START PROVIDED DATA
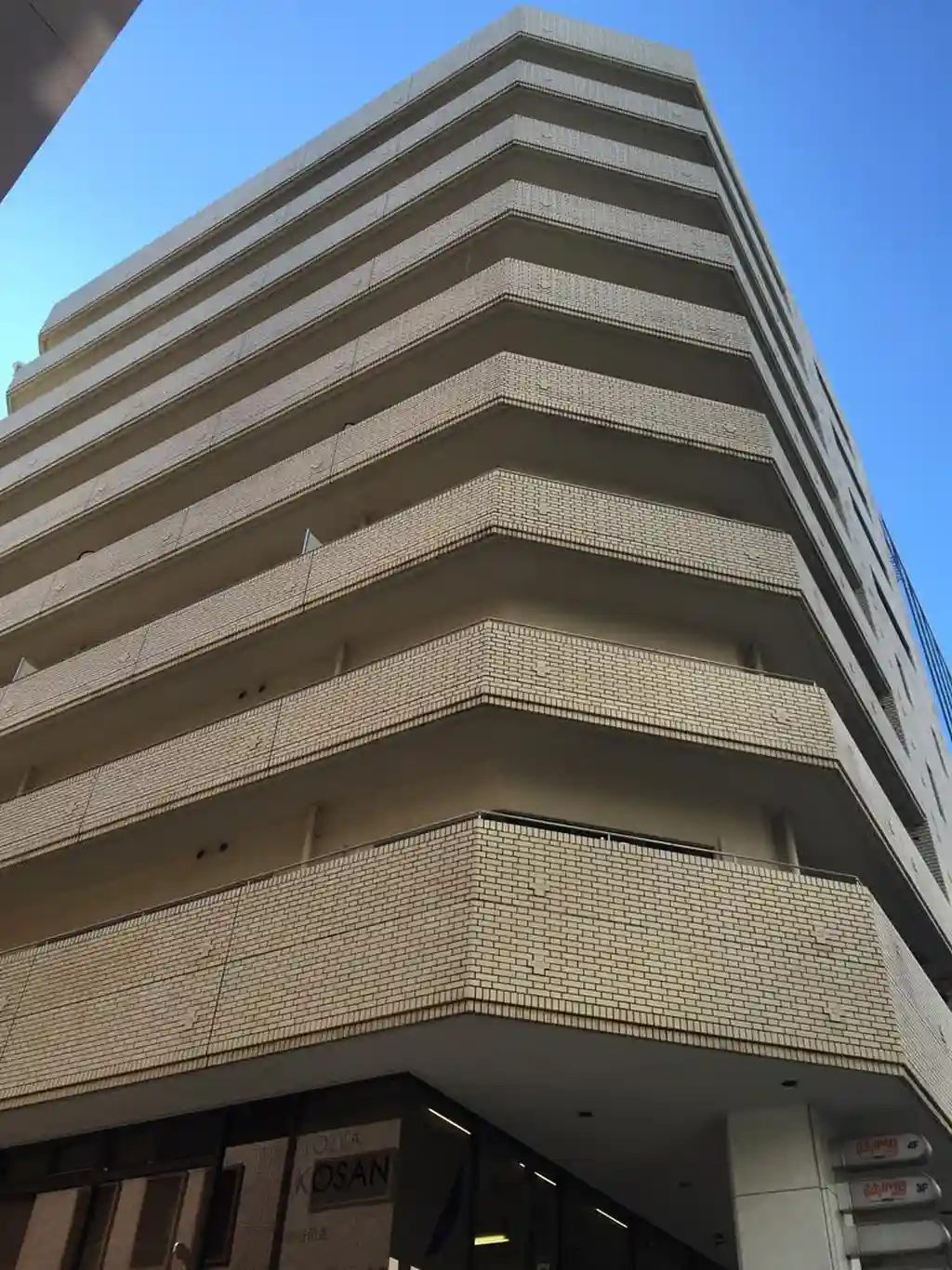 YKB新宿御苑 外観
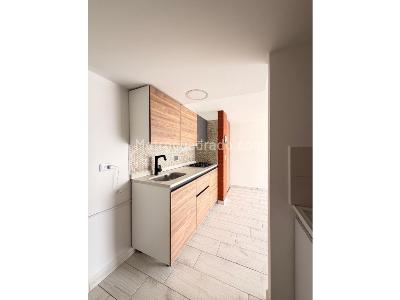 Apartamento de 3 alcobas en venta en Maria Auxiliadora, Sabaneta, 50 m² · foto 3 de 18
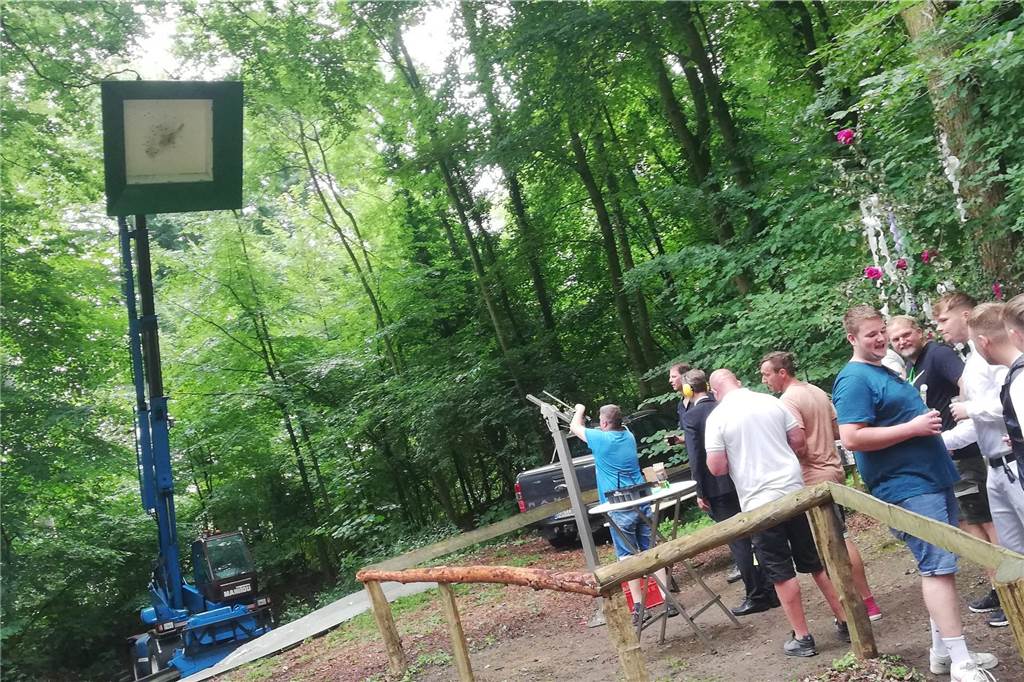 Christian Oude Lansink ist nach dem 187. Schuss neuer König in Legden Ein Schütze zielt auf den Vogel. Andere in der Schlange, um ebenfalls am Königsschießen teilzunehmen.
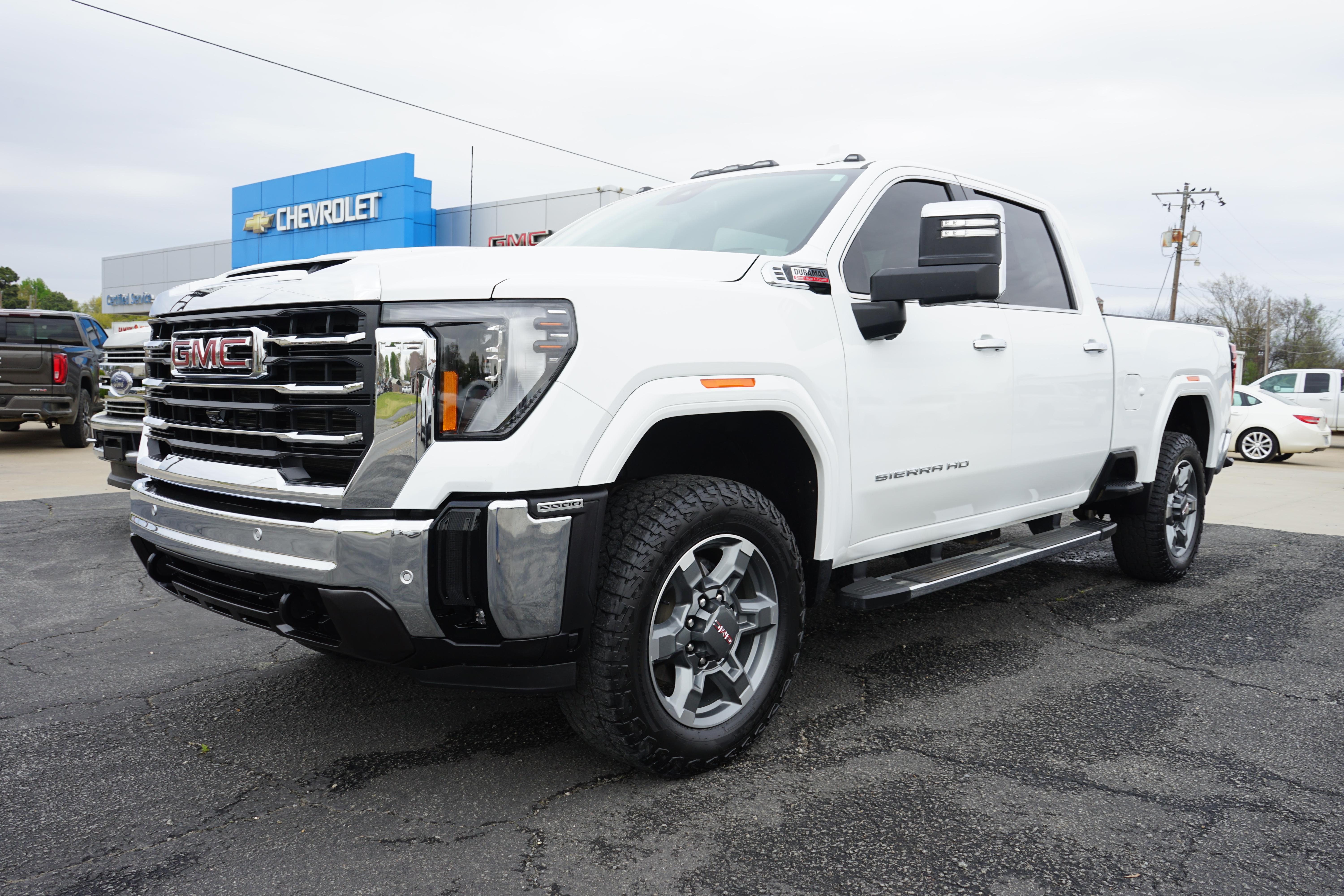 2025 GMC Sierra 2500HD SLT Crew Cab 4WD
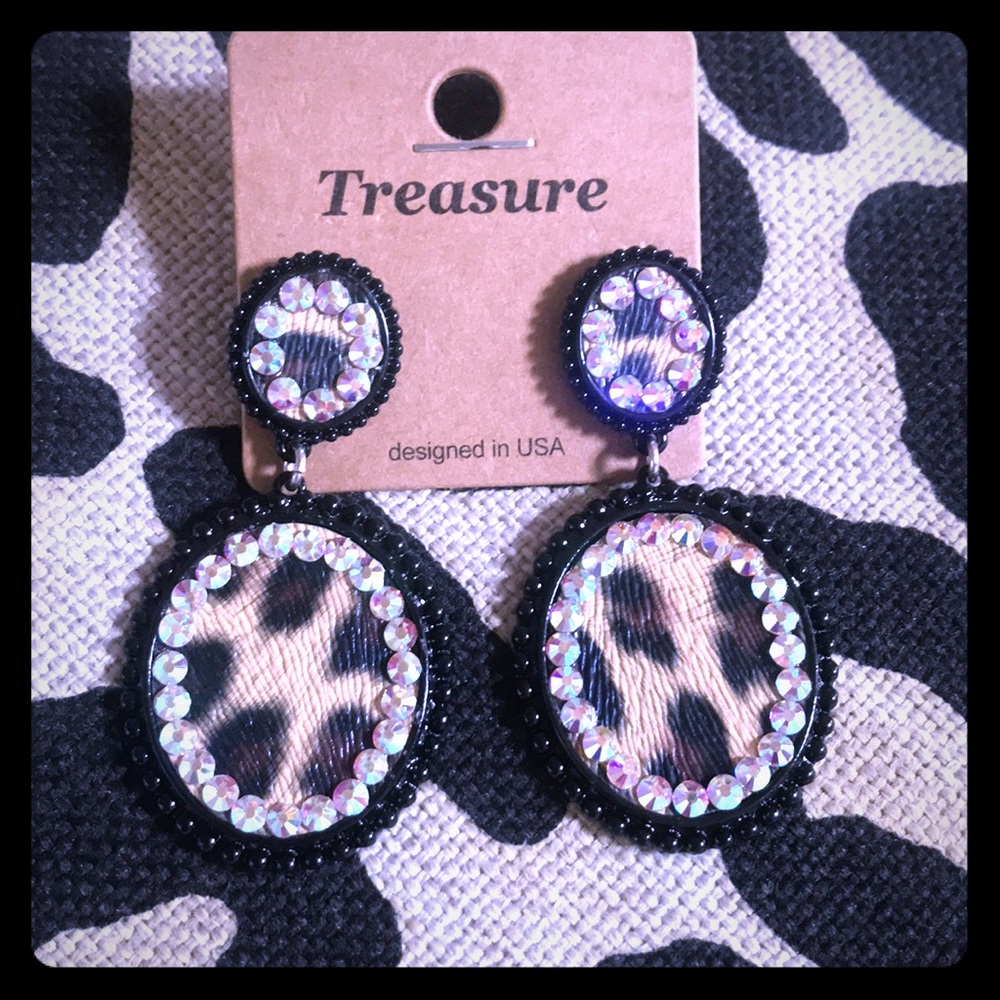 Brand new-Black leopard tear drop earrings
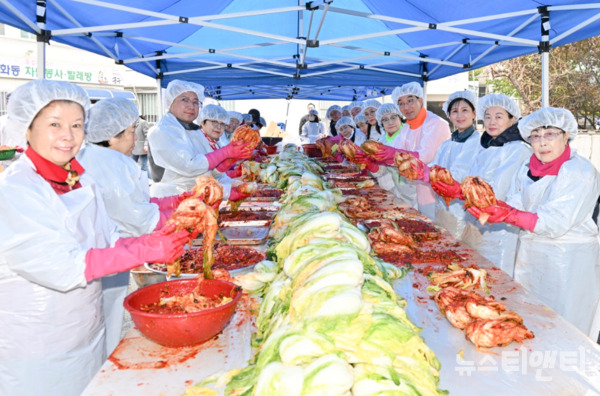 대전 중구 은행선화동은 16일 동행정복지센터에서 사랑의 김장나눔 봉사활동을 가졌다고 밝혔다. (사진=행사 기념 촬영 / 중구 제공)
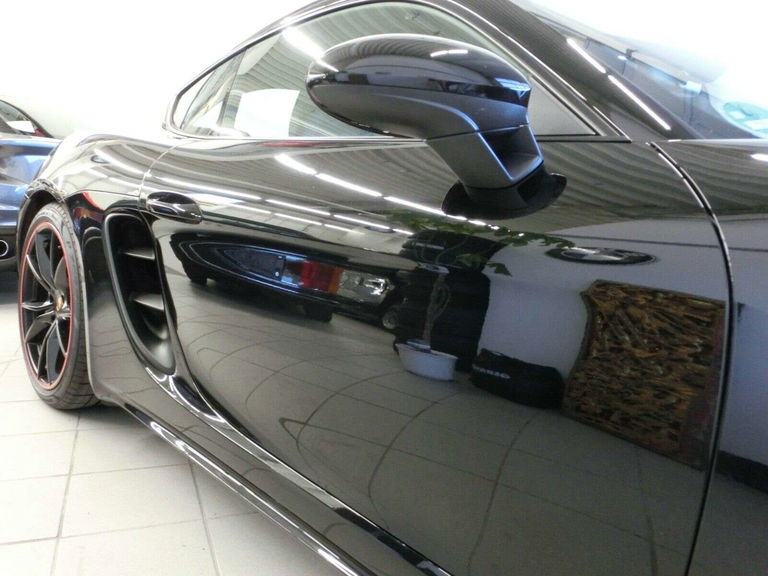 Porsche 718 Cayman GTS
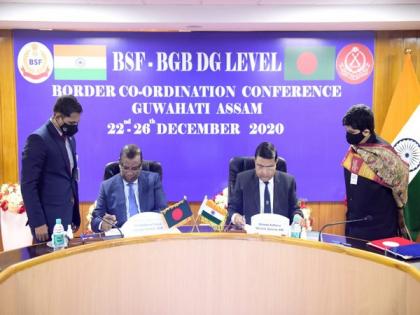 India, Bangladesh hold border talks, decide to construct single row fence in priority patches | India, Bangladesh hold border talks, decide to construct single row fence in priority patches India, Bangladesh hold border talks, decide to construct single row fence in priority patches | India, Bangladesh hold border talks, decide to construct single row fence in priority patches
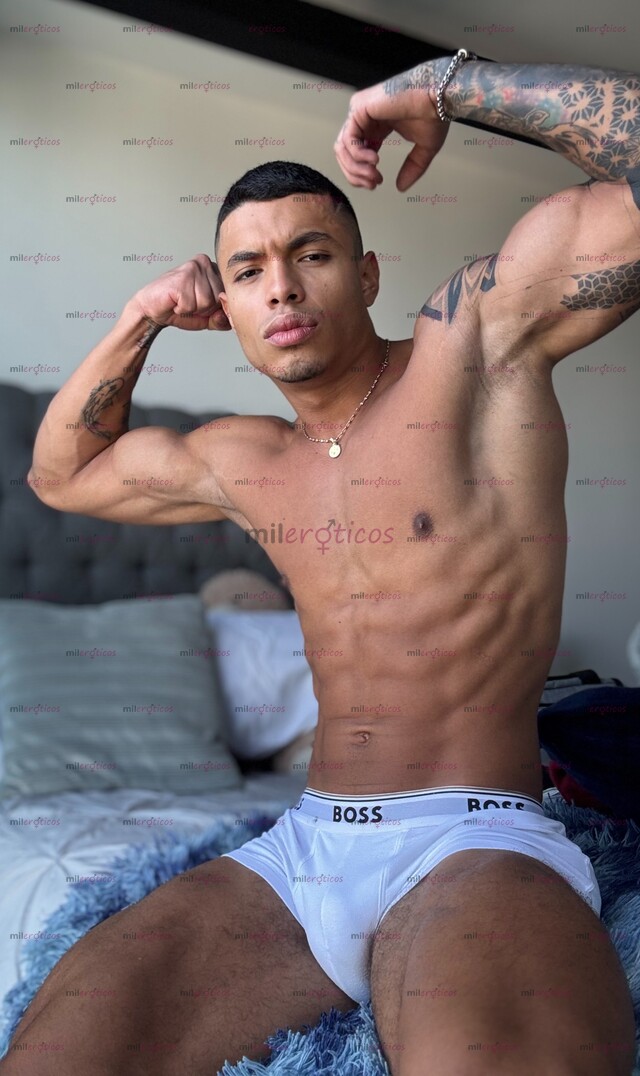 FOTOS DE 25 VIP .PASAR UN COLOMBIANO 25 BUEN RATO ATENTO Y EXCLUSIVO TRATO .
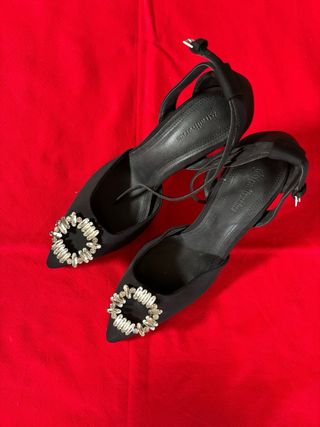 Zapatos de fiesta Stradivarius con pedrería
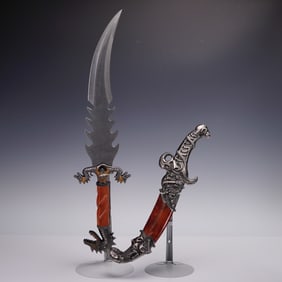 2pc Fantasy Display Knives With Sculpted Handles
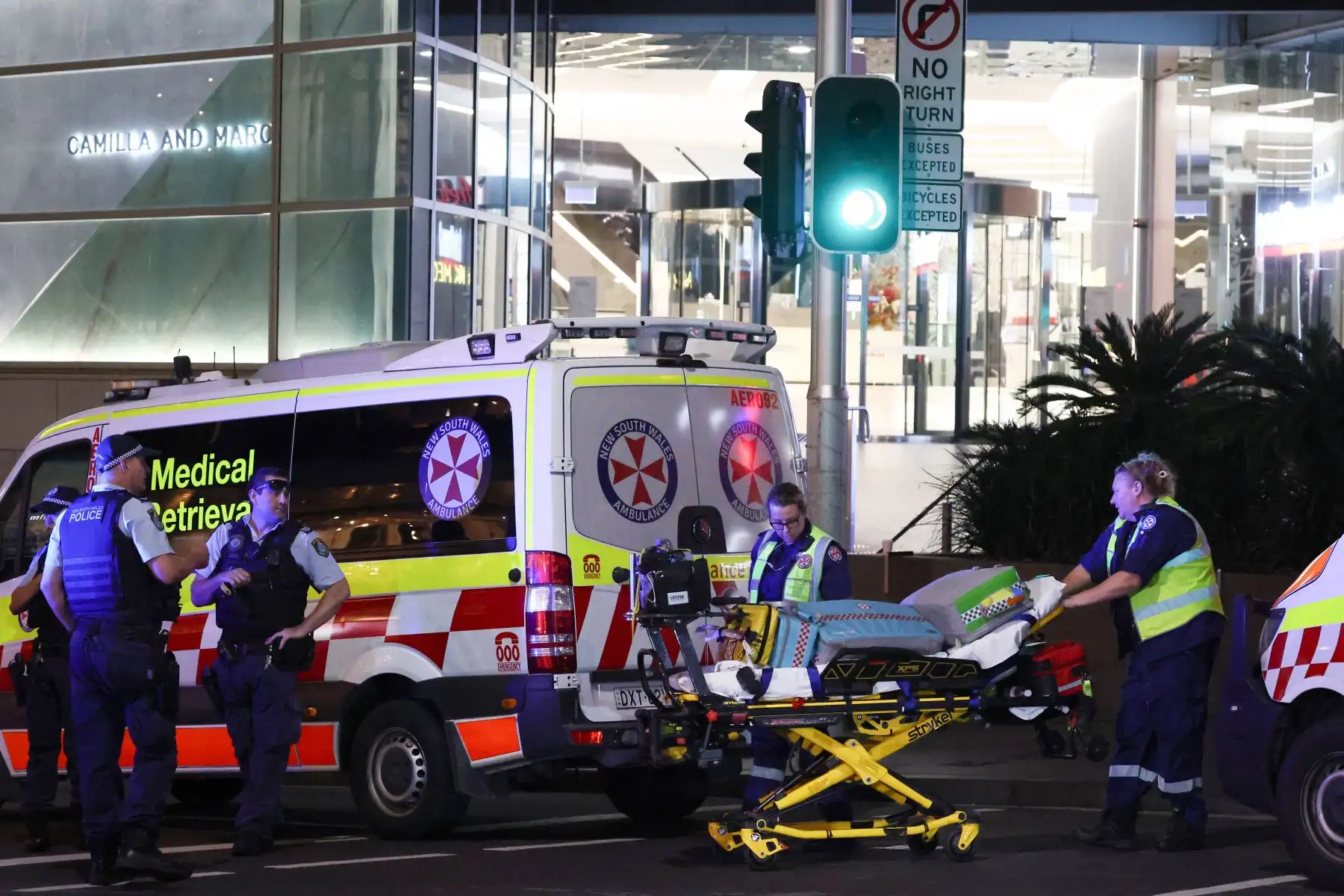 La policía ingresa al centro comercial Westfield Bondi Junction después de un incidente de apuñalamiento en Sydney. La policía australiana dijo que había recibido informes de que "varias personas" fueron apuñaladas en un concurrido centro comercial de Sydney. Foto: ANDINA/AFP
END PROVIDED DATA
▸ **EXERCISE DETAILS**
Could you transcribe all of the data exactly and omit the pictures?

▸ **SOLVED EXERCISE**
 YKB新宿御苑 外観
 Apartamento de 3 alcobas en venta en Maria Auxiliadora, Sabaneta, 50 m² · foto 3 de 18
 Christian Oude Lansink ist nach dem 187. Schuss neuer König in Legden Ein Schütze zielt auf den Vogel. Andere in der Schlange, um ebenfalls am Königsschießen teilzunehmen.
 2025 GMC Sierra 2500HD SLT Crew Cab 4WD
 Brand new-Black leopard tear drop earrings
 대전 중구 은행선화동은 16일 동행정복지센터에서 사랑의 김장나눔 봉사활동을 가졌다고 밝혔다. (사진=행사 기념 촬영 / 중구 제공)
 Porsche 718 Cayman GTS
 India, Bangladesh hold border talks, decide to construct single row fence in priority patches | India, Bangladesh hold border talks, decide to construct single row fence in priority patches India, Bangladesh hold border talks, decide to construct single row fence in priority patches | India, Bangladesh hold border talks, decide to construct single row fence in priority patches
 FOTOS DE 25 VIP .PASAR UN COLOMBIANO 25 BUEN RATO ATENTO Y EXCLUSIVO TRATO .
 Zapatos de fiesta Stradivarius con pedrería
 2pc Fantasy Display Knives With Sculpted Handles
 La policía ingresa al centro comercial Westfield Bondi Junction después de un incidente de apuñalamiento en Sydney. La policía australiana dijo que había recibido informes de que "varias personas" fueron apuñaladas en un concurrido centro comercial de Sydney. Foto: ANDINA/AFP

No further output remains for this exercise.